Ventilation effectiveness

Ventilation effectiveness

Intent: 

To ensure adequate ventilation and high indoor air quality.

IWBI is not looking at specific criteria other than that balancing has occurred or will occur within 5 years. For guidance on completing system balancing, projects can refer to ASHRAE 62.1-2013 Section 7.2.2 and ASHRAE 111, or to the relevant balancing professional organization (such as NEBB, TABB, or AABC, etc.).

Yes, the ventilation rate procedure did not change substantively between ASHRAE 62.1-2010 and ASHRAE 62.1-2013. Therefore, for the purposes of Feature 3, Part 1, a project can meet this requirement if it complies with ASHRAE 62.1-2010.

If you know the actual ventilation rates for your project, they can be compared with those required for an office space (or other building environment) in ASHRAE 62.1-2013. A mechanical engineer can generally confirm compliance with ASHRAE 62-1-2013. In addition many projects that are designed to earlier versions of ASHRAE may still be compliant with the 2013 version.

Yes, all regularly used spaces including active stairwells, lobbies and corridors would need to meet the ventilation rate requirements. However, stairwells that are meant solely as a fire escape do not need to comply.

No, only projects that rely on natural ventilation would need to comply with the ASHRAE natural ventilation rates. Mechanically ventilated projects should comply with the mechanical ventilation rates in feature 3 part 1a.

When pursuing natural ventilation methods, the project would need to confirm that for 95% of hours in the previous year, the ambient air quality were below the WELL Air Quality standards in feature 1, or was compliant with the U.S. EPA NAAQS.

The strategy outlined in this feature is to install CO2 sensors to continuously measure CO2 levels. The CO2 monitor should be monitored and trigger an increase in ventilation when CO2 levels approach 800ppm. This could be done automatically through the building management system (BMS) or manually through monitoring from the building management team.

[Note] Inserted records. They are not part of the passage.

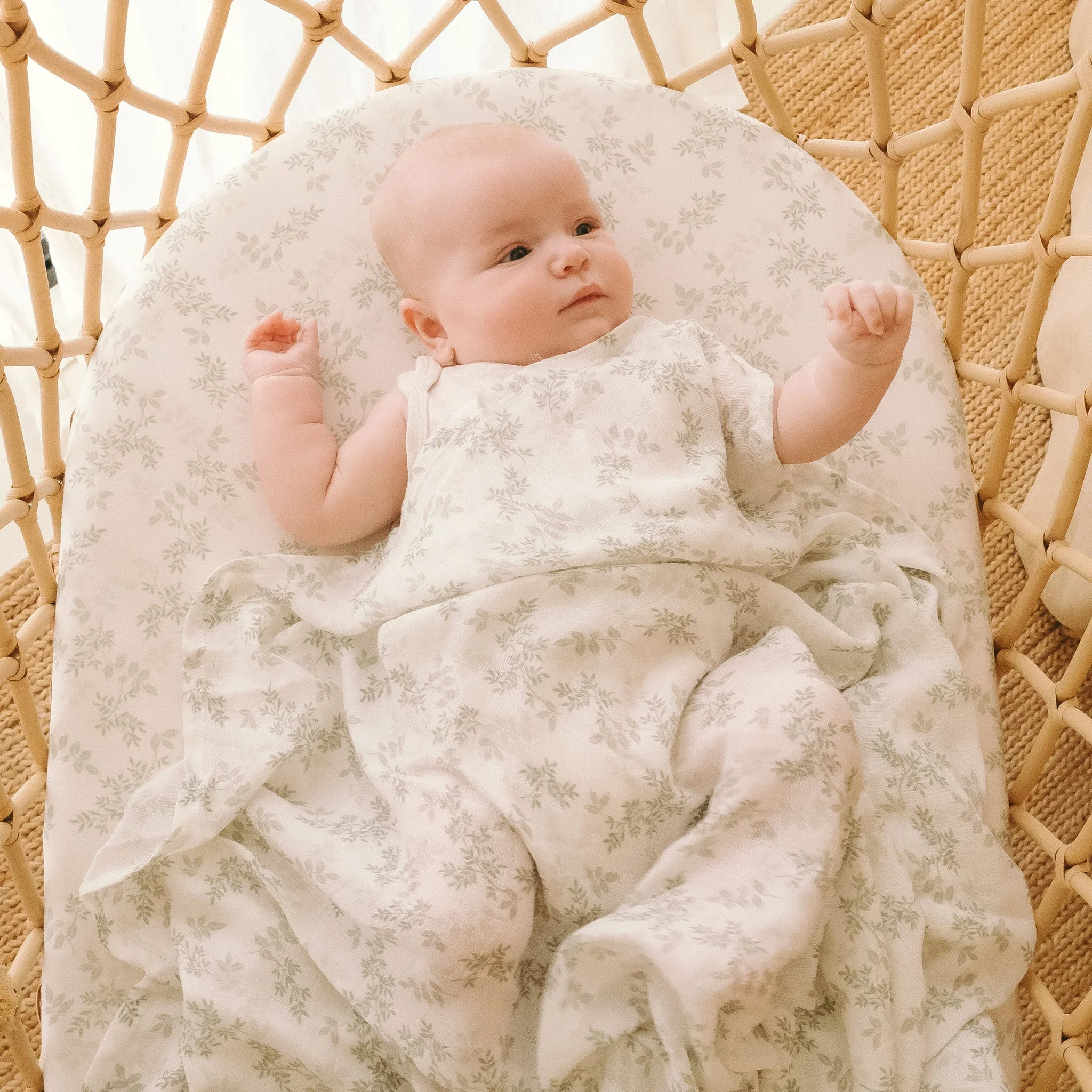 Bassinet | Fitted Sheet/Change Pad Cover | Organic - Cypress - Image 9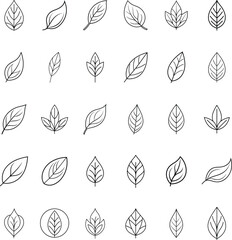 Simple Line Art Botanical Leaf Illustrations Nature Design Elements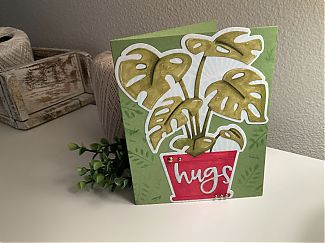 IMG_1217.jpeg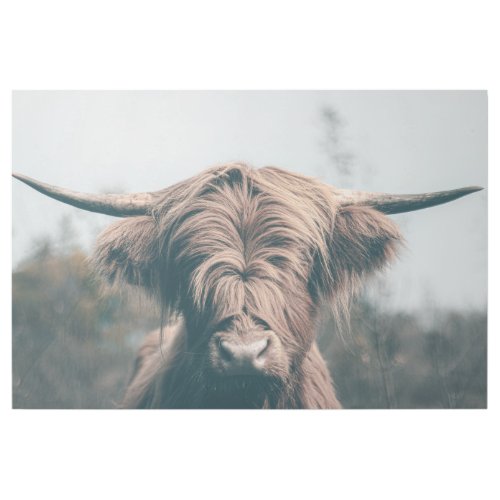 Highland cow portrait gallery wrap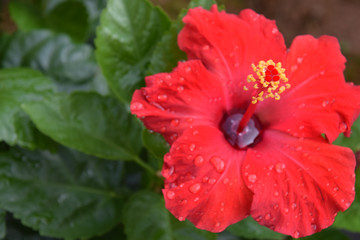 a red hibiscus / 赤いハイビスカスの花
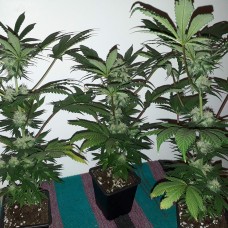 Black Domina feminised GanjaLiveSeeds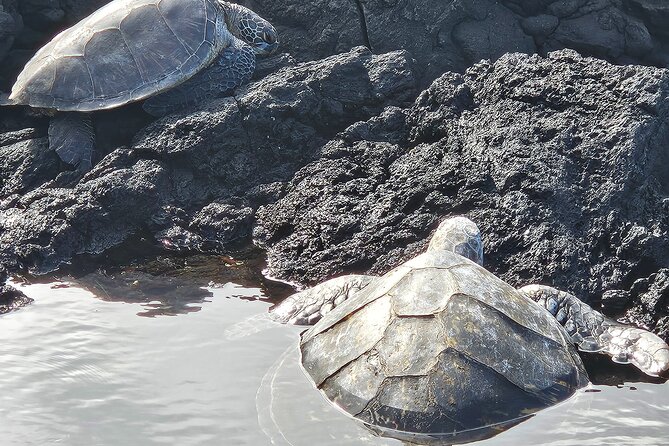 Hawaii Volcanoes, Waterfalls, Beaches & Hilo Highlights Day Tour - Liliʻuokalani Gardens: Tide Pools, Bird Spotting, and a Short, Calm Break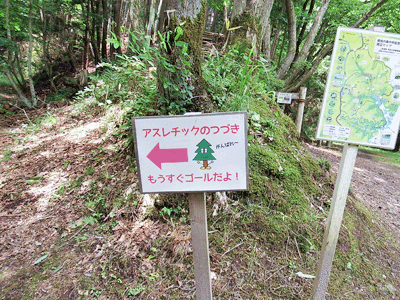 f0140773_14523100.gif
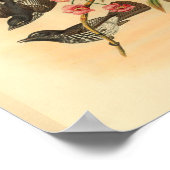 Cockerells Fantail Flycatcher Bird  Print (Hoek)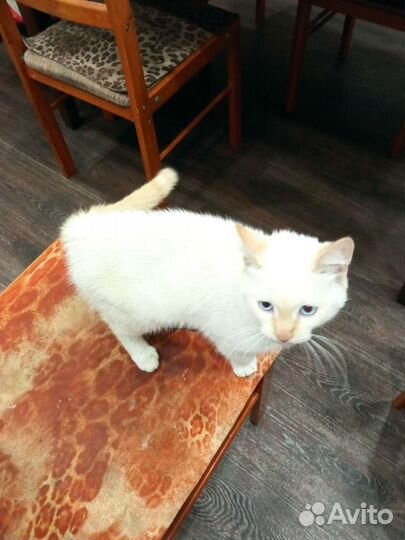 4 месячный котик Зефирчик отдаю в добрые руки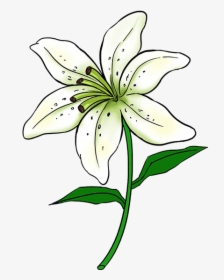 Lllᐅ Dibujos De Azucenas【 Tutorial】regala Una Flor - Easy Lily Flower Drawing, HD Png Download, Free Download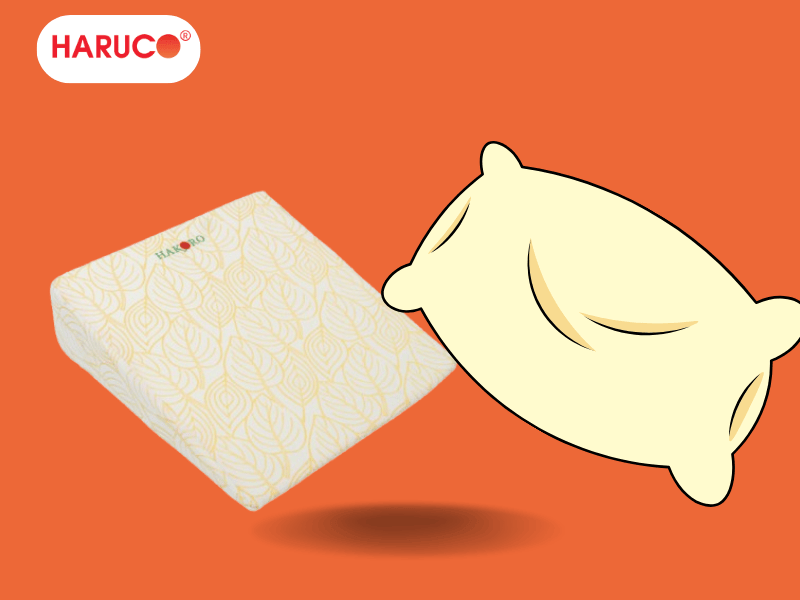 goi-chong-trao-nguoc-hakoro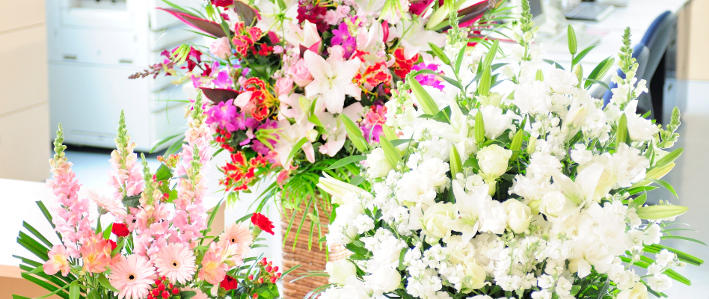 ほんのり甘い春の香り ストック 知って得する お花や観葉植物を贈る時の役立つアレコレ情報 ビジネスフラワー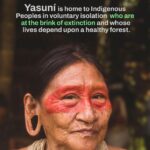 Leonardo DiCaprio Instagram - Yasuní National Park is a global biodiversity hotspot and home to some of the last Indigenous peoples living in voluntary isolation—the Tagaeri, Taromenane and Dugakaeri. Yet this irreplaceable place and the people and wildlife living here are threatened by the fossil fuel industry. On August 20th, 2023, the people of Ecuador have an historic opportunity to safeguard a significant portion of Yasuní rainforest. With this first-of-its-kind referendum worldwide, Ecuador could become an example in democratizing climate politics, offering voters the chance to vote not just for the forest but also for Indigenous rights, our climate, and the well-being of our planet. Stand alongside Yasuní and its Indigenous communities in this historic referendum by sharing this important message. For more information follow @sialyasuni and their Indigenous youth ally @jovenes_amazonicos_ec #YesToYasuní #YasuníITT #SíAlYasuní
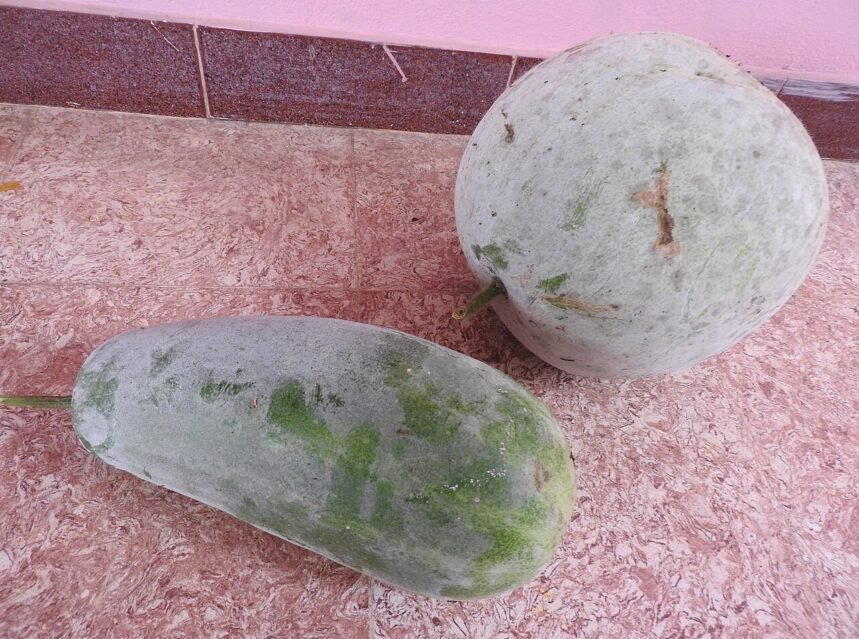 Mature ash gourds (Benincasa hispida) with waxy skin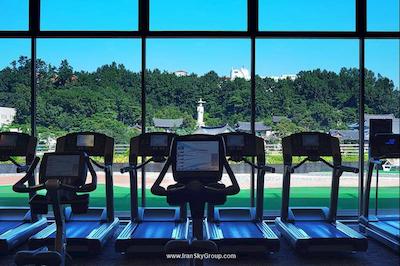 اینترکنتینانتال کوکس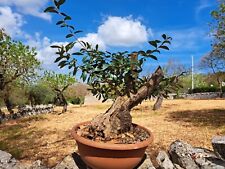 Bonsai prebonsai olivo usato  Valenzano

Yes, you may be able to retrofit your existing ventilation system to be demand-controlled. The project would need to review adding CO2 sensors to the high occupancy spaces, and possibly additional components to increase air flow (dampers, controllers, VAV boxes, additional ductwork, etc.). Demand-controlled ventilation systems are often also used to create more efficient systems and may result in energy cost savings.